→ Assignment: Going through the material below, output exactly the lines from the one containing "8378 Spring Creek" through the one containing "a living room", and no pictures.
--- Dataset content Enclosed Below ---
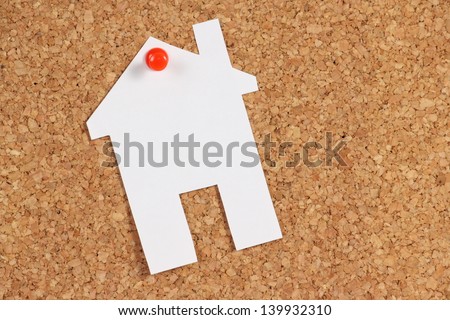 A white paper cut out in the shape of a house and pinned to a cork notice board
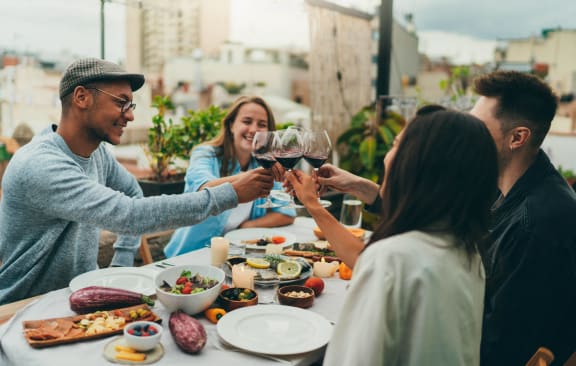 a group of people sitting around a table drinking wine at GrandView Flats and Townhomes, Granger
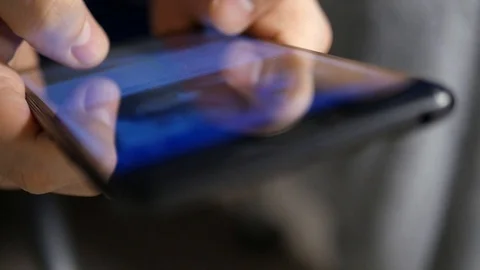 The hand (finger) work with phone touchscreen. Close up macro view Stock Footage 126773999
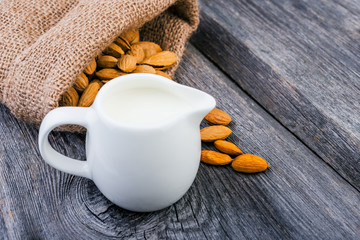 Almonds  and milk on rustic wooden background.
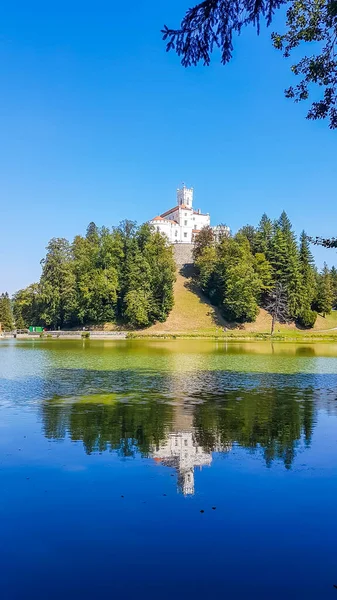 A view on Trakoscan castle from the lake side. Castle is located on a small hill and well hidden in between the trees. The lake in front of the castle is really green. Clear and bright day.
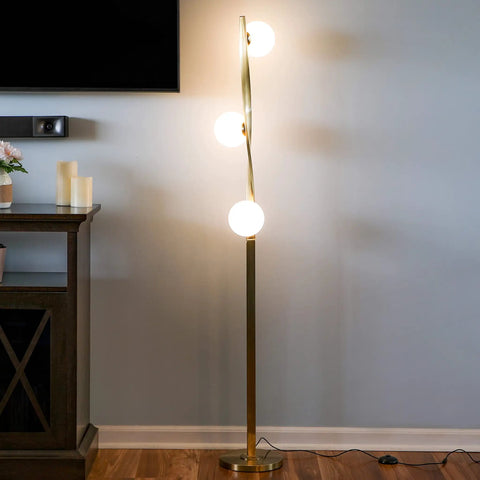Nola Mid Century Modern 3 Globe Floor Lamp For Living Room And Office in gold finish, standing next to a console table.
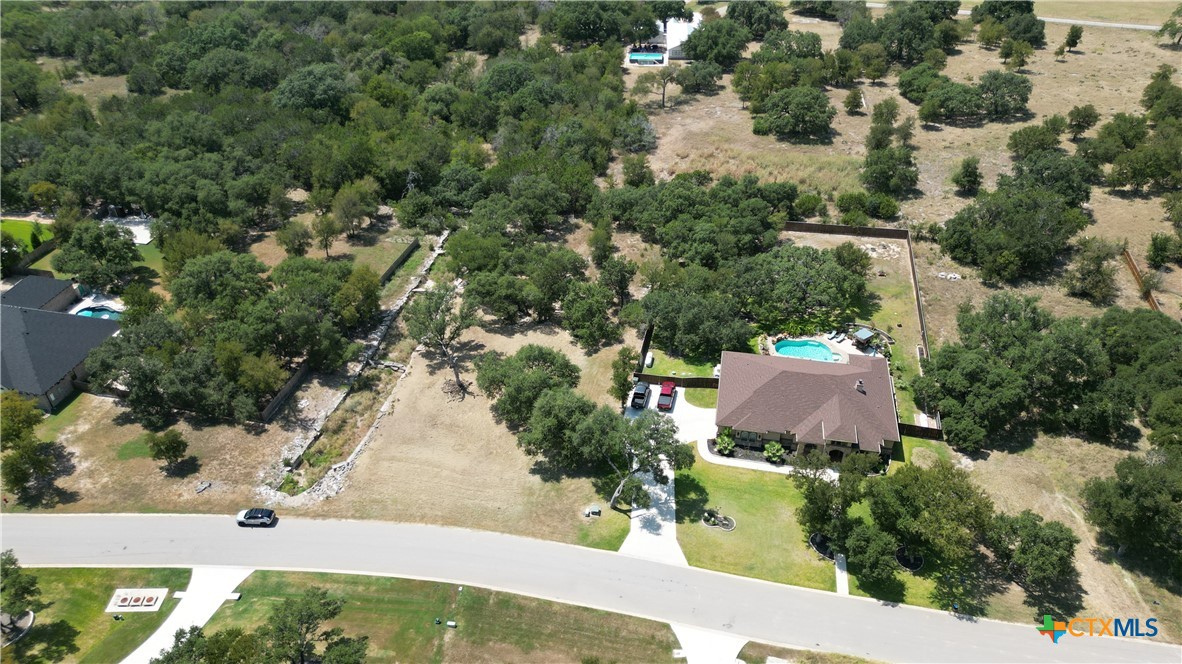 8378 Spring Creek Loop Salado, TX 76571 - Photo 9 of 12 an aerial view of residential houses with outdoor space and trees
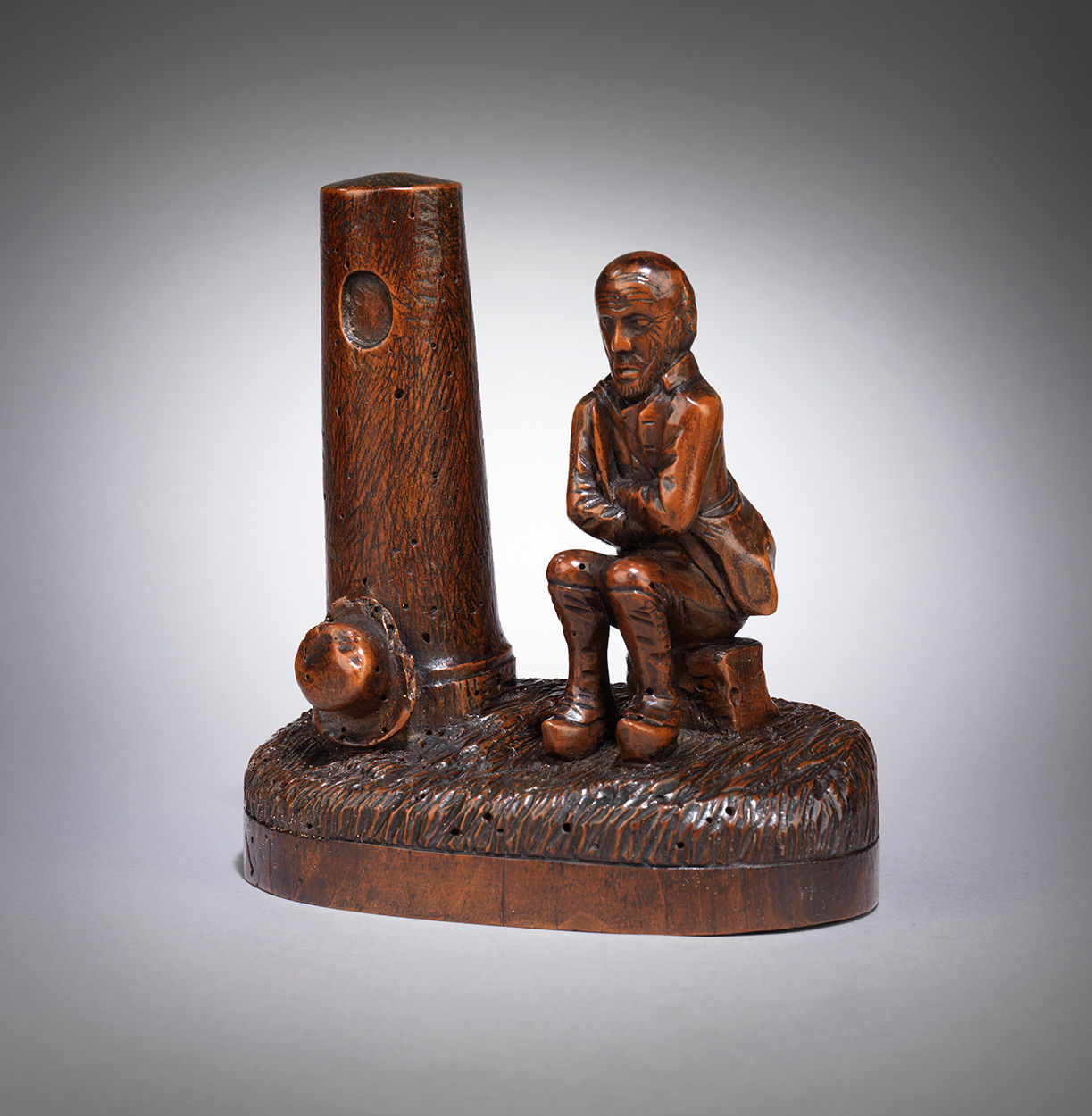 Naive Folk Art Carving of a Man Seated Beside a Tower 
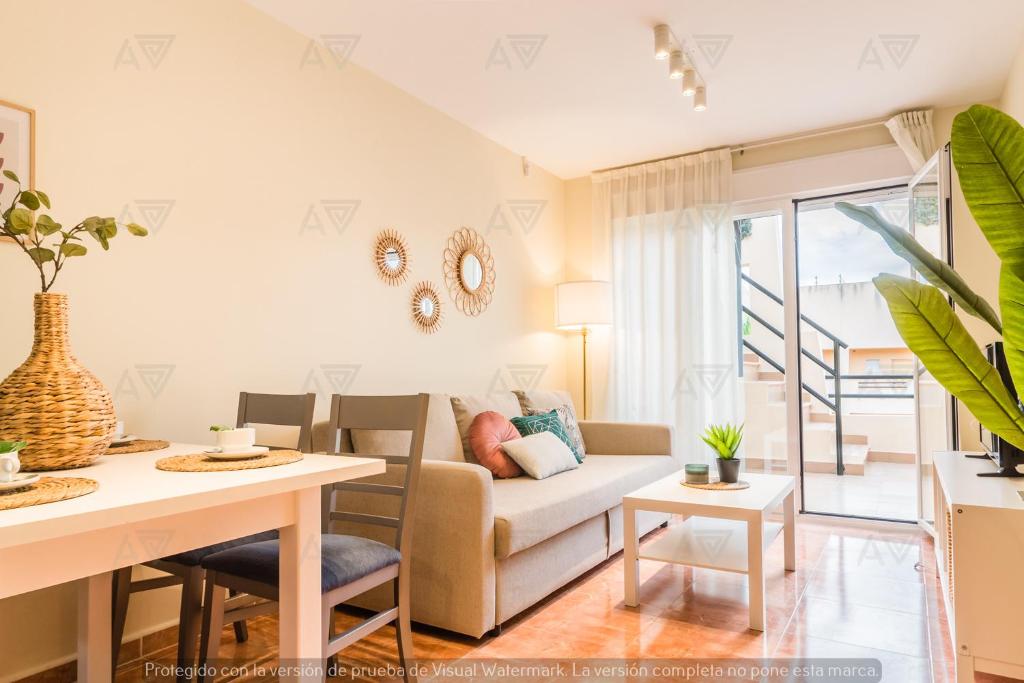 a living room with a couch and a table at Duplex PARAISO VERA Playa PISCINA PRIVADA in Vera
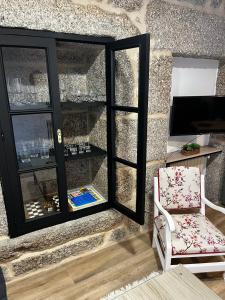 a room with a chair and a glass window at Caneliña in Ourense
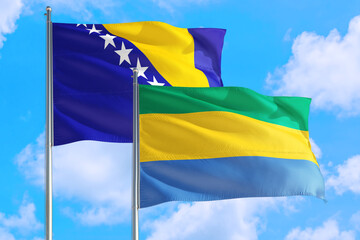 Gabon and Bosnia Herzegovina national flag waving in the windy deep blue sky. Diplomacy and...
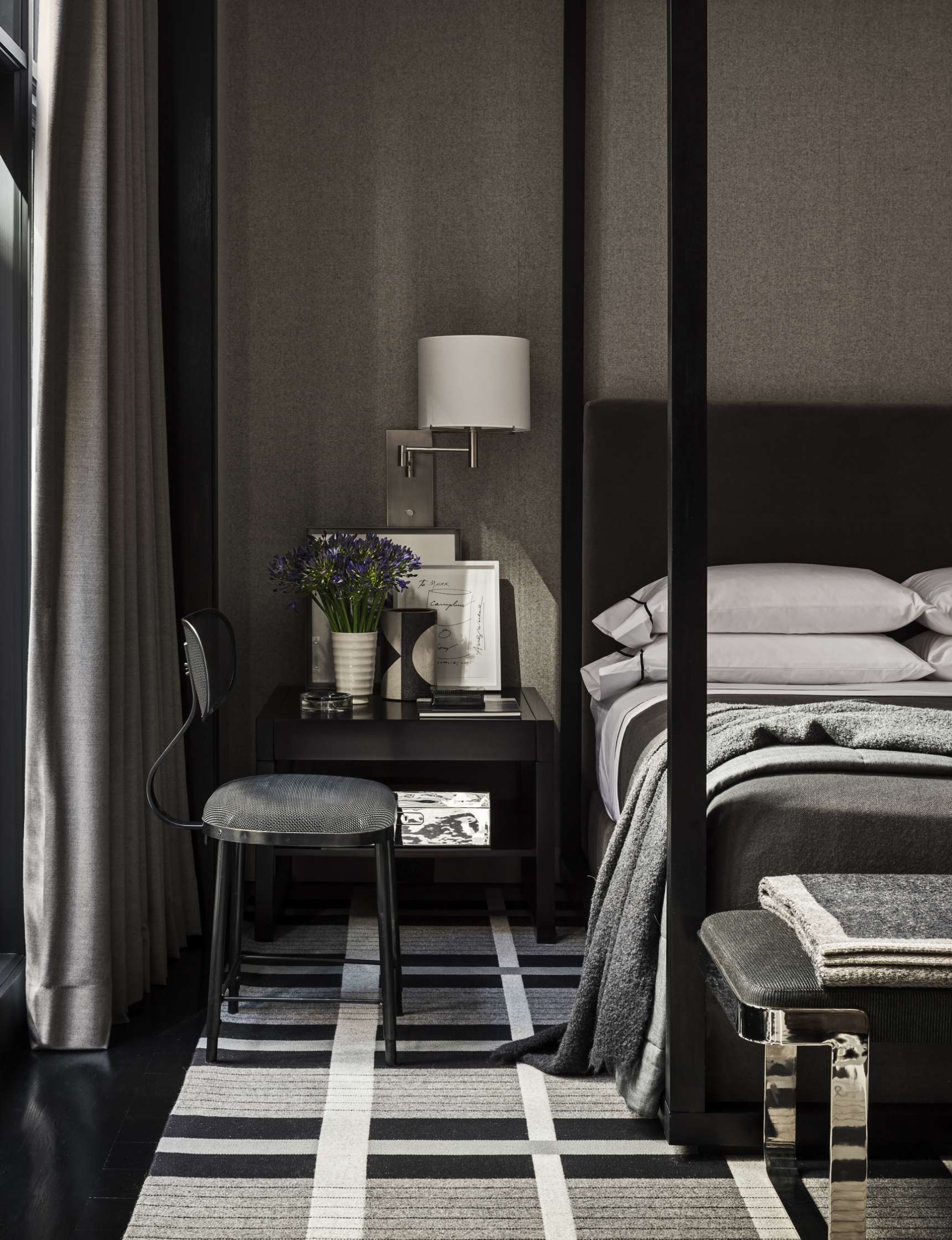 A modern bedroom with dark wood furniture, a side table with purple flowers, a wall lamp, books, a grey rug with stripes, and a neatly made bed featuring grey and white linens.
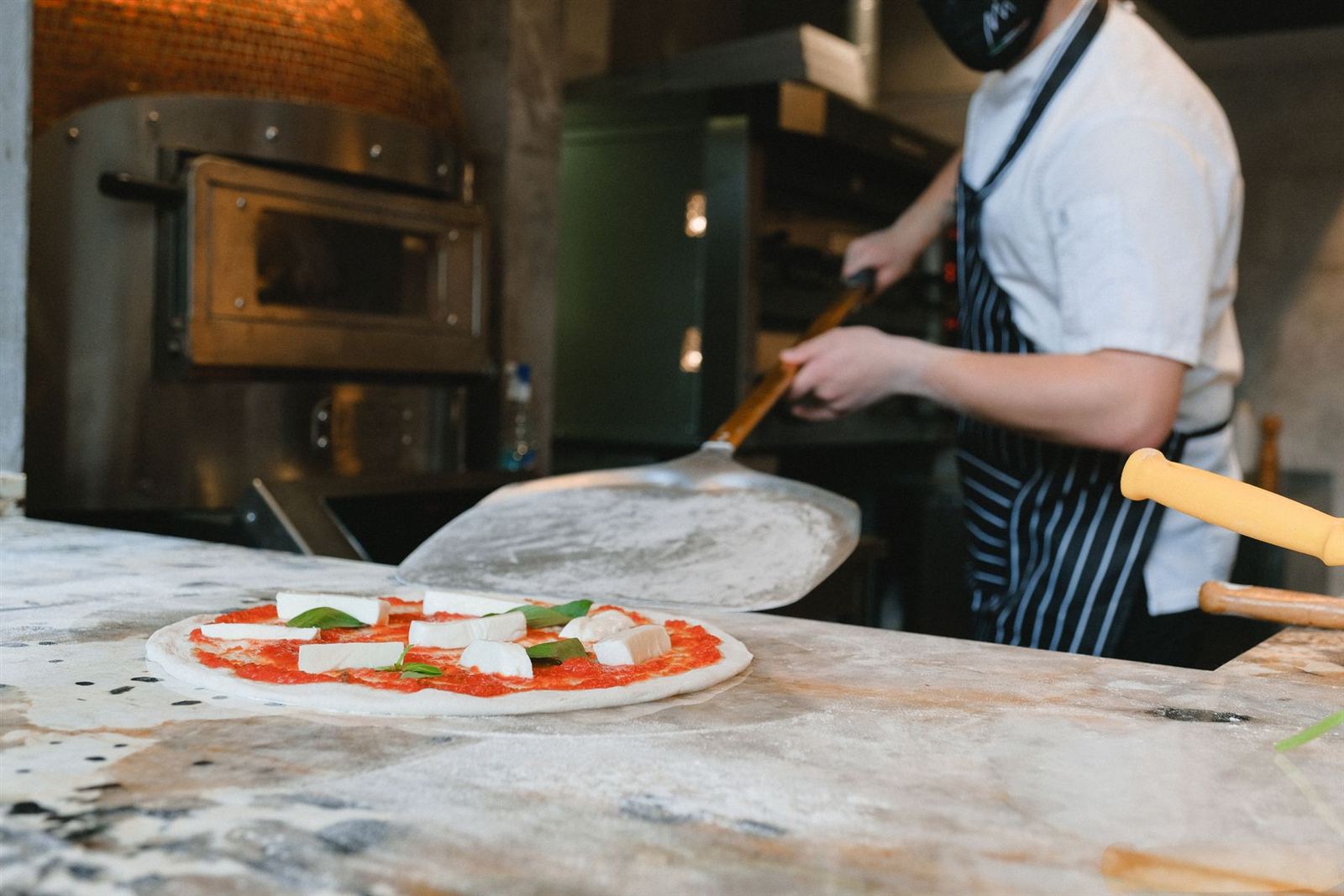 Un pizzaïolo enfourne une pizza (photo d'illustration)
--- End of Enclosed Dataset content ---
→ Solution for this problem:
 8378 Spring Creek Loop Salado, TX 76571 - Photo 9 of 12 an aerial view of residential houses with outdoor space and trees
 Naive Folk Art Carving of a Man Seated Beside a Tower 
 a living room with a couch and a table at Duplex PARAISO VERA Playa PISCINA PRIVADA in Vera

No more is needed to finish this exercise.